Yes, you can - but just barely and depending on components selected.

Basic components:
220v 3-phase Ebay motor, look for "vector duty" (I'm partial to Marathon BlackMax motors)
VFD with 220 1p input (as Jim mentioned) and 3p output.  Automation direct's GS-3 series is quite nice and has optional high-speed encoder inputs.  I went with a Hitachi VFD, and it's worked well.
BOB (or sub-board) with 0-10v output to control the VFD.  Mach3 outputs a PWM signal that the BOB converts to the 0-10v

_Optional_ upgrades:
- Belt drive conversion -* highly* recommended.  You won't need the gears if you get the right motor and pulley ratio.  Determine lowest reasonable speed you'll be cutting anything (for me it's tapping at 500RPM), and the max spindle speed you want.  When you're shopping for a motor, check the name plate to see what the max safe RPM of the motor is and multiply that by your pulley ratio.  There's your top end.

Belt drive also lowers the head weight, and is much quieter.  No more oil in the head - no more dribbling.  No gear backlash so rigid tapping is possible.

Your spindle bearings will eventually get wrecked, but just run the stockers for a while with some good grease and when they give up the ghost replace them with as nice a set as you can afford.  Don't worry about them right now.

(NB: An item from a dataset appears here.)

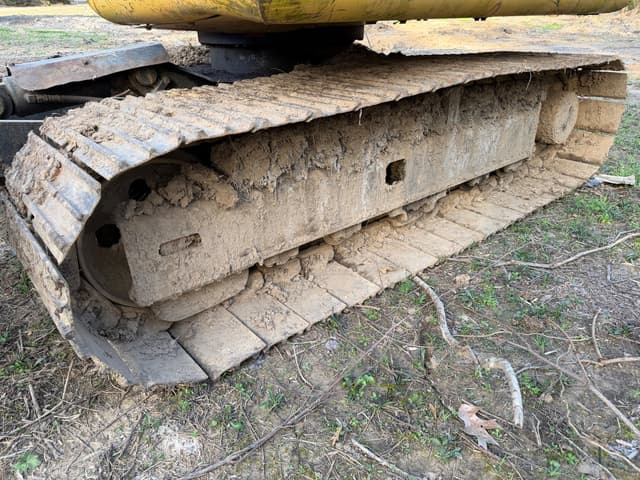 Image of Komatsu PC60 equipment image 4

- Encoder for spindle and/or motor.  This will permit rigid tapping and much more accurate speed control if the VFD gets information back from the actual motor RPM.  No more 'bogging' down on heavier cuts unless you overload the VFD completely.  It also permits significantly increased torque at low RPM (like 200% over name plate in some cases), so your 'loss' of low-end torque with a 1.5:1 belt drive is no longer an issue.

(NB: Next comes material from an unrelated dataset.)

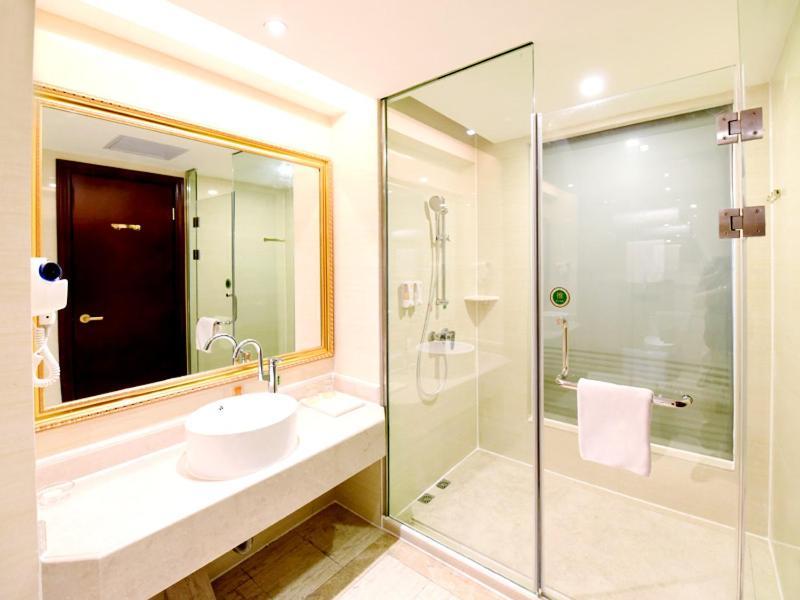 Vienna Hotel Loudi Chunyuan Pedestrian Street Екстер'єр фото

Check your control software (Mach3?) and see if it is capable of dealing with a pulley ratio on the motor while still permitting rigid tapping.  If not, you may be stuck deciding if you want rigid tapping or feedback to the VFD - you can't have both in this case.

- External braking resistor for VFD.  Permits stopping the spindle RIGHT NOW.

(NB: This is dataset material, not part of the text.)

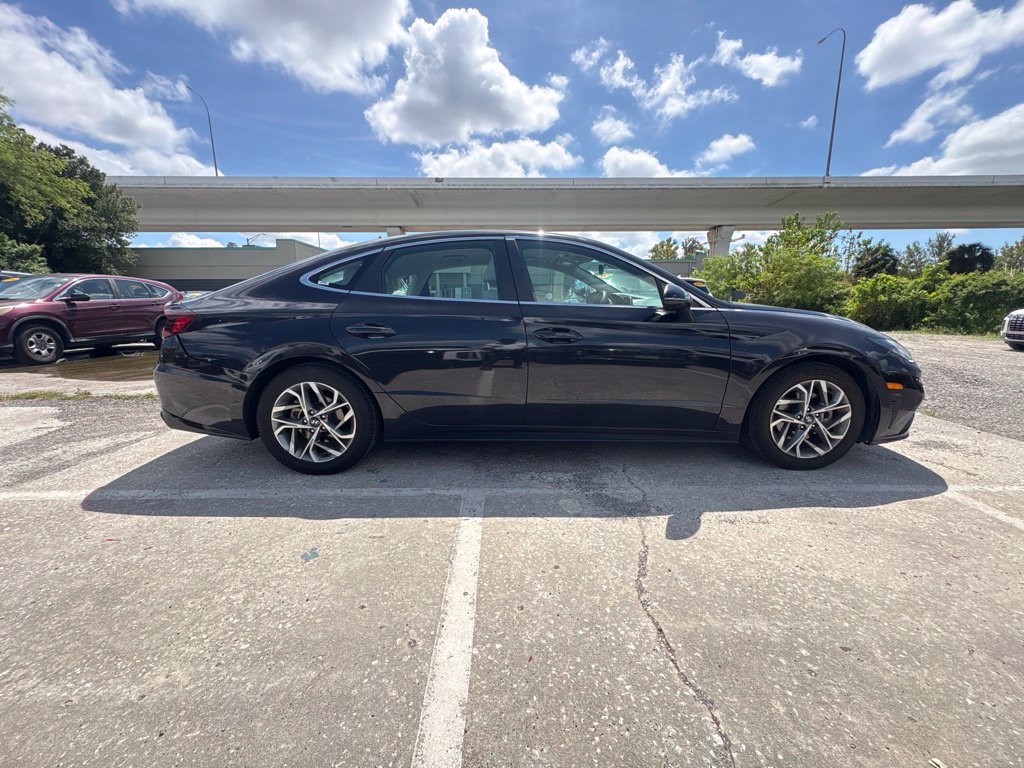 Used 2023 Blue Hyundai SEL image 2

*Here's a really slick idea...*

Buy a big 1.8kw (2.5hp) servo and DYN4 drive from DMM Technology and install it as the spindle motor.  No separate VFD needed as you'll be using their servo drive to power it.  The drive takes 220v 1phase.  Already comes with an encoder, and Mach3 is capable of driving a spindle with step & direction pulses.  You get:

1. Smaller, lighter motor than the equivalent power induction motor
2. Motor is new, not used.
3. Motor and drive are a set from the same company - no tearing your hair out with incompatible signal voltages or encoder signal types.  Trust me, this is huge.
4. Built-in extremely nice encoder, with  - and this is important - encoder signal pass-through features.  The encoder signal can be sent to Mach3 or other controller so you can have a real-time RPM display.
5. Factory made shielded cables so you aren't fiddling with sizing big 8ga wires from the VFD to the induction motor and chasing down RFI/EMI.  VFD's are noisy.
6. Spindle positioning capability.  Make a single point tool and have the spindle index it - instant broach for square corners or internal splines!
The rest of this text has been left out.